Há níveis tão intensos de vulnerabilidade que só podem ser captados por completo nas entrelinhas. Anora (2024), dirigido pelo cineasta estadunidense Sean Baker, integra um gênero cinematográfico muito específico, onde o coração está escondido à vista. 

Conhecido por obras como Tangerine (2015), The Florida Project (2017) e Red Rocket (2021), o diretor, lembrado por narrativas sobre a comunidade LGBT+ e pessoas na indústria do sexo, retorna às telas com Anora, nos conduzindo à história eletrizante de uma dançarina erótica em sua versão pessoal de um sonho americano. Indicado em onze categorias ao Oscar, o filme levou para casa alguns dos prêmios mais cobiçados, como de Melhor Diretor, Melhor Atriz e Melhor Filme.

Vencedor da Palma de Ouro de 2024, feito não realizado por nenhuma obra norte-americana há mais de uma década, Anora é um misto curioso e sensível do cinema expressivo da década de 1970 e dos takes ágeis de filmes populares dos anos 1980 como Um Príncipe em Nova York (1988).

Anora Mikheeva (Mikey Madison), mais conhecida pelo pseudônimo de Ani, é uma jovem uzbeque-americana, que entra em cena como stripper de uma casa noturna de luxo em Nova York. Certa noite, Ani é convocada a prestar serviços à Ivan ‘Vanya’ Zakharov (Mark Eydelshteyn), herdeiro de uma família de oligarcas russos em intercâmbio nos Estados Unidos. O que parecia ser a grande oportunidade de sua vida, se torna uma jornada eletrizante rumo ao fracasso de seu sonho americano.

Penetrando em um universo soturno e mediado pelo sexo, as cenas iniciais nos conduzem a um cenário no qual corpos femininos se fundem à paisagem neon, remetendo aos já criticados takes ginecológicos de algumas direções masculinas.
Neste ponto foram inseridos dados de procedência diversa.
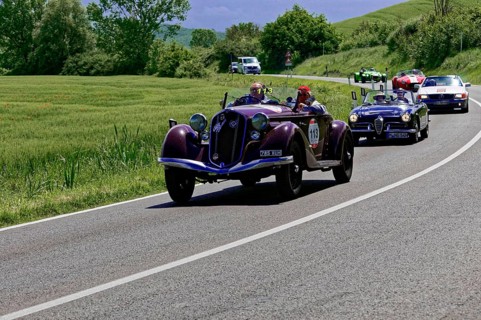 A red classic car leads a group of classic cars on a country road, classic car, car race, Mille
Somos capturados pela ambiguidade do olhar, onde se deseja construir uma perspectiva humanizada sobre as mulheres na indústria do sexo, mas os planos seguem centralizados em corpos sem rosto e em histórias não-contadas.

Ainda nos primeiros minutos, conhecemos o backstage do clube em que a personagem principal trabalha. Apesar de citações posteriores ao temor do estupro, o roteiro escolhe estrategicamente não abordar questões recorrentes na indústria do sexo, como clientes insistentes, stalkers, adicção em entorpecentes, tráfico humano e exploração por parte de donos de clubes. A história de Sean Baker é muito mais romântica, não exibindo as vísceras da experiência de inúmeras mulheres na indústria do sexo estadunidense. 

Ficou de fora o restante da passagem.